Data section:
^^^^^^^^

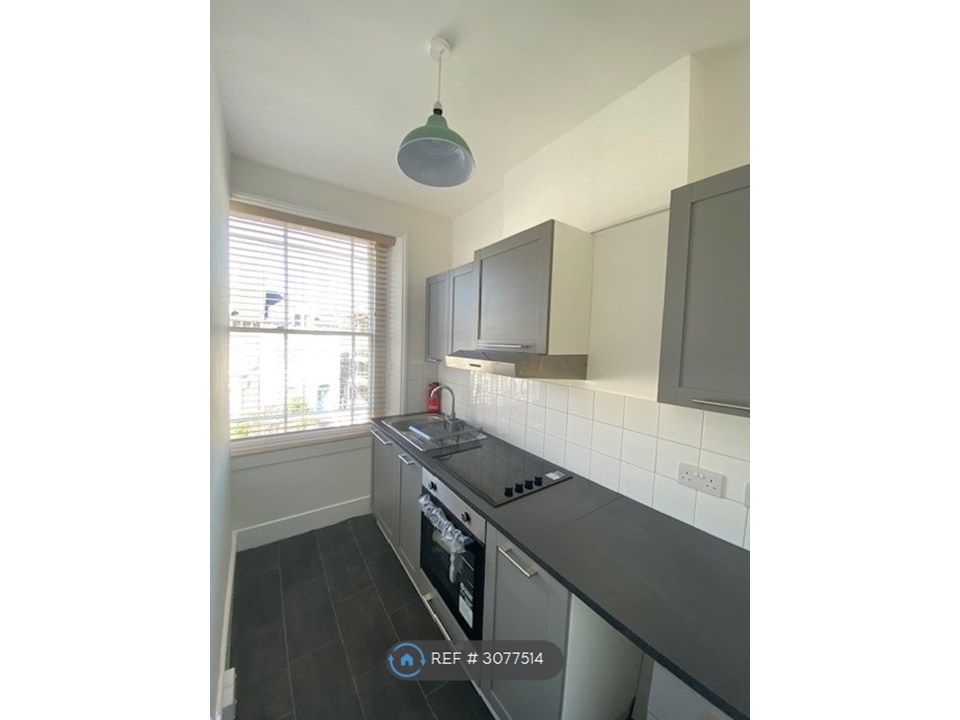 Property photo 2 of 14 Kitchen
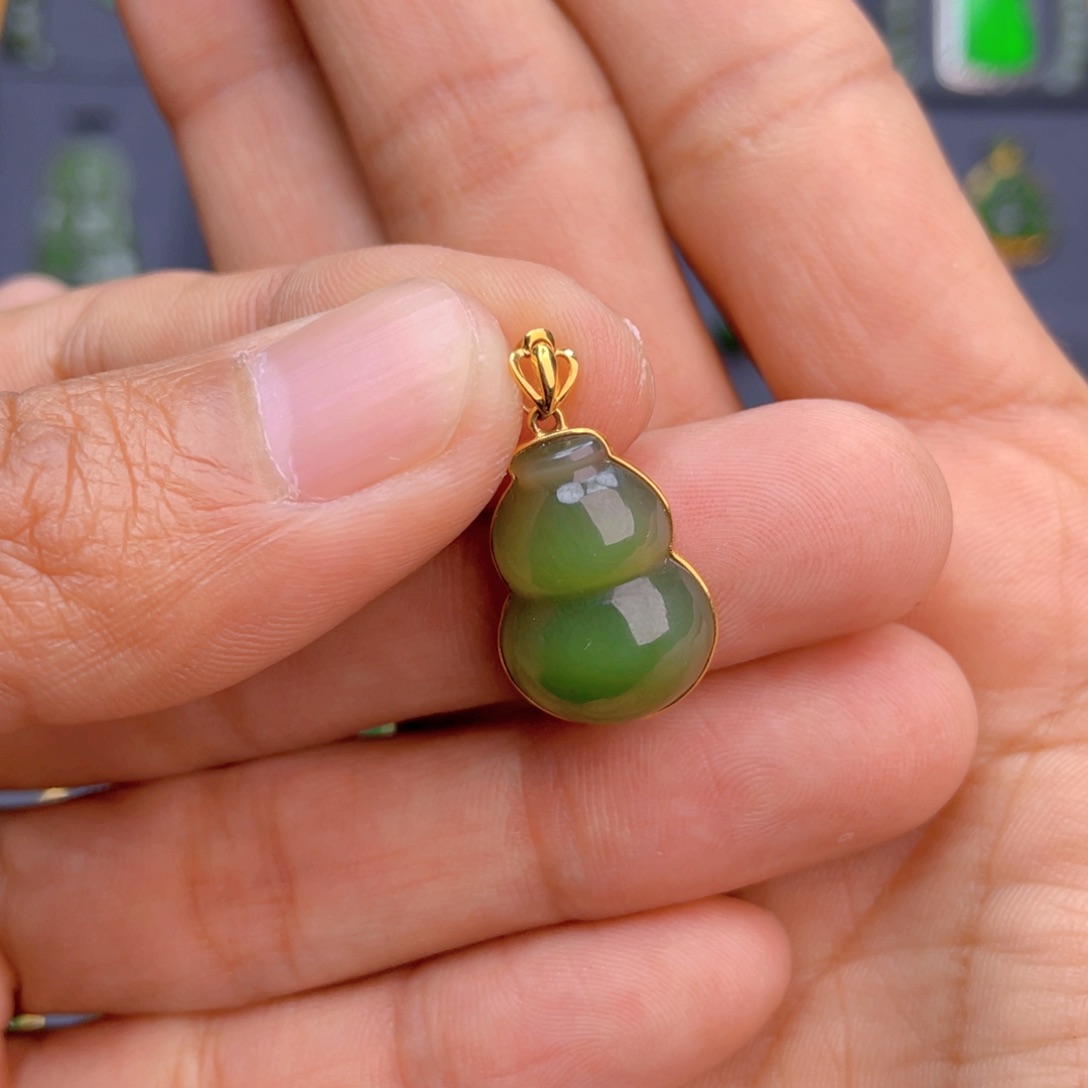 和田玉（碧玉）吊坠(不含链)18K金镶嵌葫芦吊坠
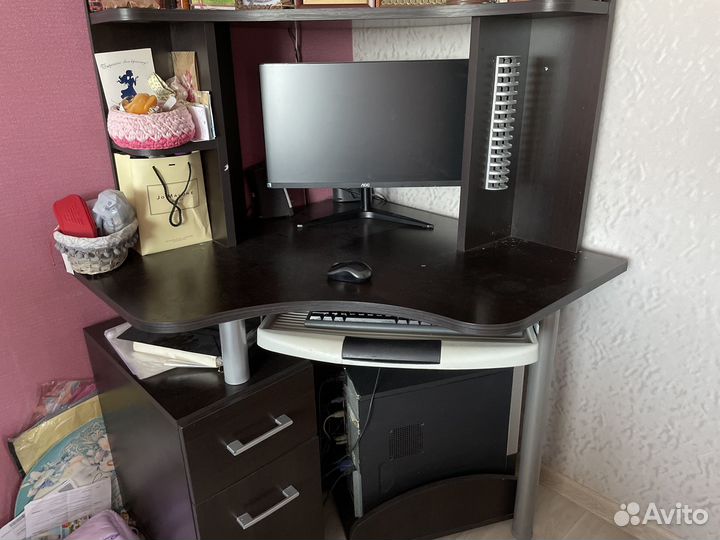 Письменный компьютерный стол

^^^^^^^^

Instructions to follow: Word for word, restate the lines from the one containing "和田玉（碧玉）吊坠(不含链)18K金镶嵌葫芦吊坠" through the end of the listing, and nothing more. Skip the pictures.

Solved problem:
 和田玉（碧玉）吊坠(不含链)18K金镶嵌葫芦吊坠
 Письменный компьютерный стол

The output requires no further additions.